=== TASK DATA ===

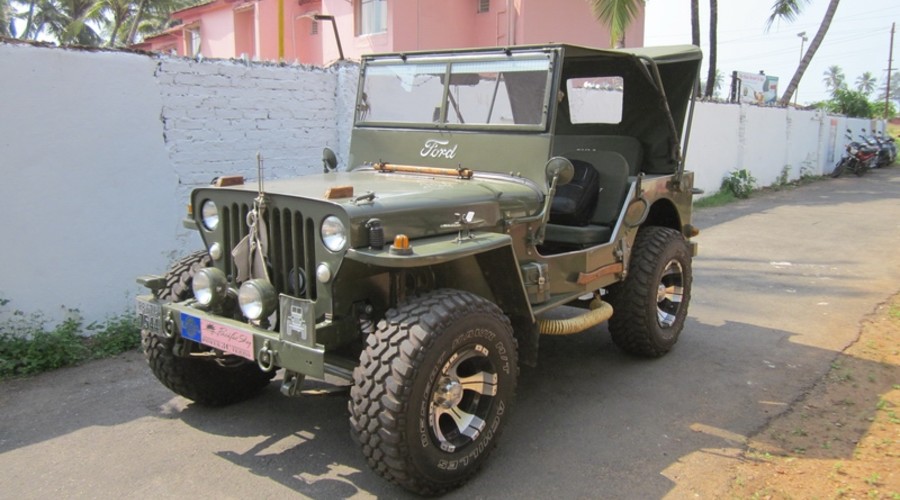 Army Jeep — In Cavelossim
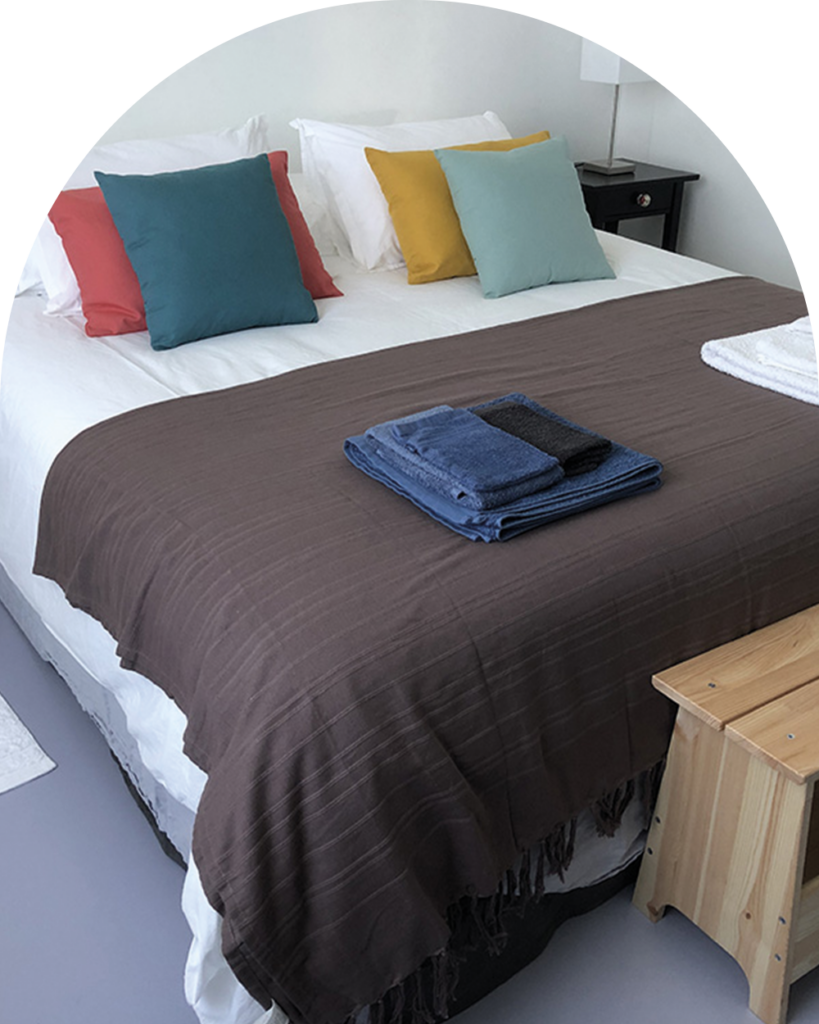 la-maison-de-lydie-swiftelodge-chambres-dhôtes-monts-darrée-finistère-bretagne-maison-chambre-maen-glaz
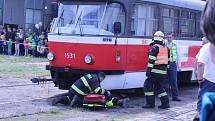 Stovky lidí zavítaly v sobotu do vozovny brněnského dopravního podniku v Medlánkách, kde se konal den otevřených dveří. Lidé si mohli prohlédnout tramvaje i autobusy.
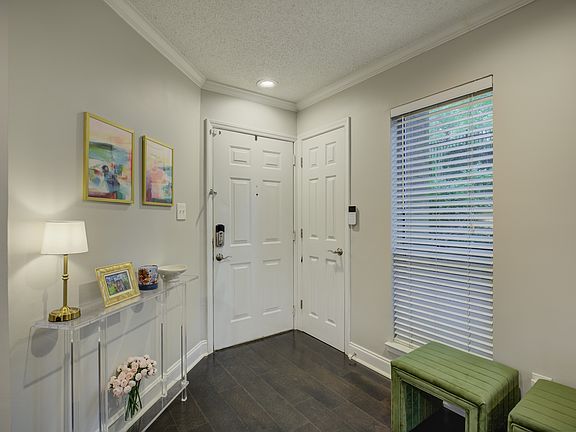 4th image of 2506 Cranbrook Ln APT 1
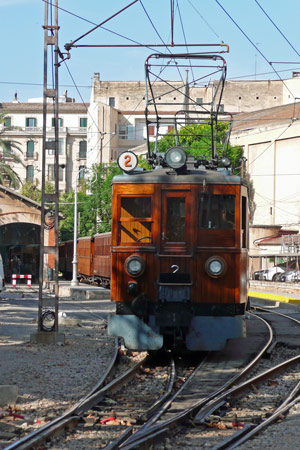 Loco No.2 at Palma - Photo:  Ian Boyle, 26th August 2009 - simplonpc.co.uk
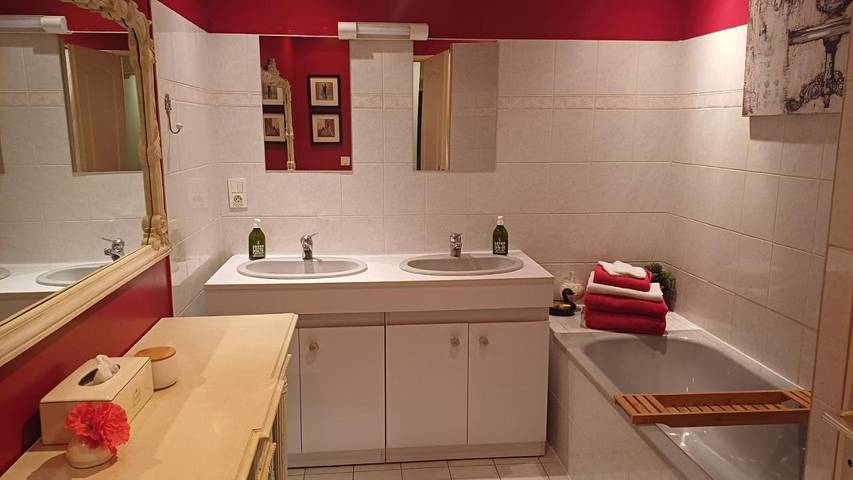 Gîte pour 2 personnes, avec vue à Sainte-Foy-la-Grande - 3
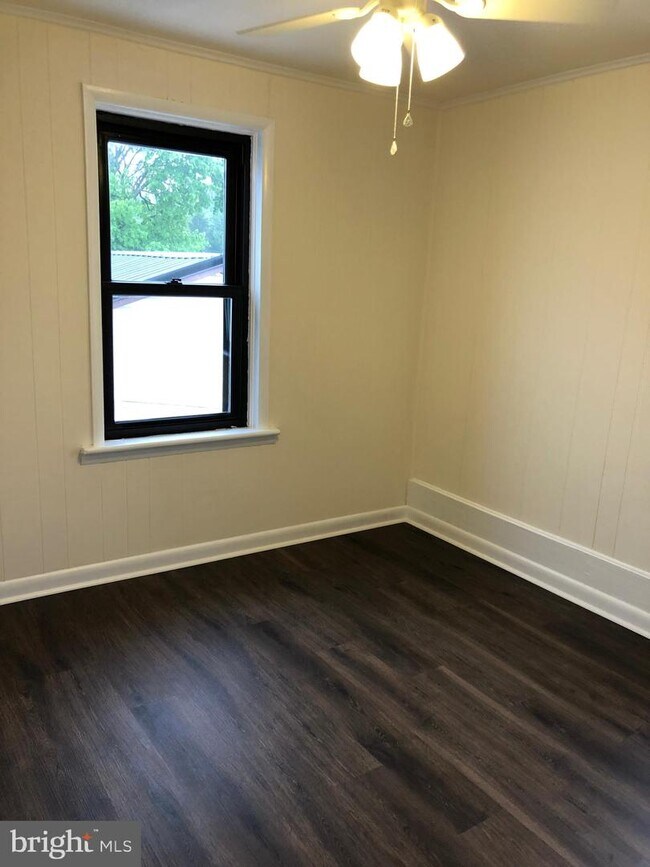 Building Photo - 2485 Williamsport Pike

===

[WORK TO BE COMPLETED]
Every line from the one containing "Loco No.2 at" through the end of the entries above, both included, should be extracted exactly, with pictures left out.

[FINISHED EXERCISE]
 Loco No.2 at Palma - Photo:  Ian Boyle, 26th August 2009 - simplonpc.co.uk
 Gîte pour 2 personnes, avec vue à Sainte-Foy-la-Grande - 3
 Building Photo - 2485 Williamsport Pike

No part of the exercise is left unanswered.